Below are the records; pull every line that includes "with".

*** Opening of RAW DATA ***

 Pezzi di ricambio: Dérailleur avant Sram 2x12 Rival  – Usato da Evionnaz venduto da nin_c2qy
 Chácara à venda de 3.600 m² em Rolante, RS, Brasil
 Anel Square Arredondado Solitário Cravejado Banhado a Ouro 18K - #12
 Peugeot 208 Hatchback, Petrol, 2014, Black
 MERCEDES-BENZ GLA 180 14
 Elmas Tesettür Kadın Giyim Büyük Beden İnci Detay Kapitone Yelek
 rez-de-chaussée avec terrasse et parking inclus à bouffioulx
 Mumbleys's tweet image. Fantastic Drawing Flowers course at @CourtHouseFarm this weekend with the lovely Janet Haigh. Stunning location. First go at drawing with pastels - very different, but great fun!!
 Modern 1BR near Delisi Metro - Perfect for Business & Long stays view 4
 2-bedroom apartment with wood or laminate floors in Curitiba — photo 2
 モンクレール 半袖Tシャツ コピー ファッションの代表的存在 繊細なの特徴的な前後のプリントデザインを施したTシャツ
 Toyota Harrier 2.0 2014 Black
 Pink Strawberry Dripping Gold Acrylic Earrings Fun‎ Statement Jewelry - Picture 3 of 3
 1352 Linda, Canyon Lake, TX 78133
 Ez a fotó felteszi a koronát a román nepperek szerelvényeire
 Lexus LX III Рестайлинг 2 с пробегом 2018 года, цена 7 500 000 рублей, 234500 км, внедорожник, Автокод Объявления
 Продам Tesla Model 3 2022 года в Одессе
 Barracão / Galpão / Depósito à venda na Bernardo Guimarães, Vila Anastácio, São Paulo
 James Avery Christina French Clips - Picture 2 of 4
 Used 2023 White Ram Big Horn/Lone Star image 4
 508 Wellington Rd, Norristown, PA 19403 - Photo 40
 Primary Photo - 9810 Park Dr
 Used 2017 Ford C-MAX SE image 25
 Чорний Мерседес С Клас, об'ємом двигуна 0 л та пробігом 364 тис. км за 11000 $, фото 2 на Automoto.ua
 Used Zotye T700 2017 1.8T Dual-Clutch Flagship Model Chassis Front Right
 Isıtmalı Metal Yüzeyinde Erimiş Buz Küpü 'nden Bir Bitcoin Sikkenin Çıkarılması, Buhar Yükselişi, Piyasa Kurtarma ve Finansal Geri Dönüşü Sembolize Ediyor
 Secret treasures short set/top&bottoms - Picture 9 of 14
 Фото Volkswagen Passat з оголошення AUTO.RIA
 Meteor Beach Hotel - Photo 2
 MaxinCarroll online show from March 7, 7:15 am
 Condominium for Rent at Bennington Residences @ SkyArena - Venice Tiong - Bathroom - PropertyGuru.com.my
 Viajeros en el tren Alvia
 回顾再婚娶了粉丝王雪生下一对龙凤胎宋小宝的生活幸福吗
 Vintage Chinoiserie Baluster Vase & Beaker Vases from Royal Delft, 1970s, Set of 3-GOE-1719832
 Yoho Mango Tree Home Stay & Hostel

*** Close of RAW DATA ***

__ANSWER FOR THIS EXERCISE__.
 Mumbleys's tweet image. Fantastic Drawing Flowers course at @CourtHouseFarm this weekend with the lovely Janet Haigh. Stunning location. First go at drawing with pastels - very different, but great fun!!
 2-bedroom apartment with wood or laminate floors in Curitiba — photo 2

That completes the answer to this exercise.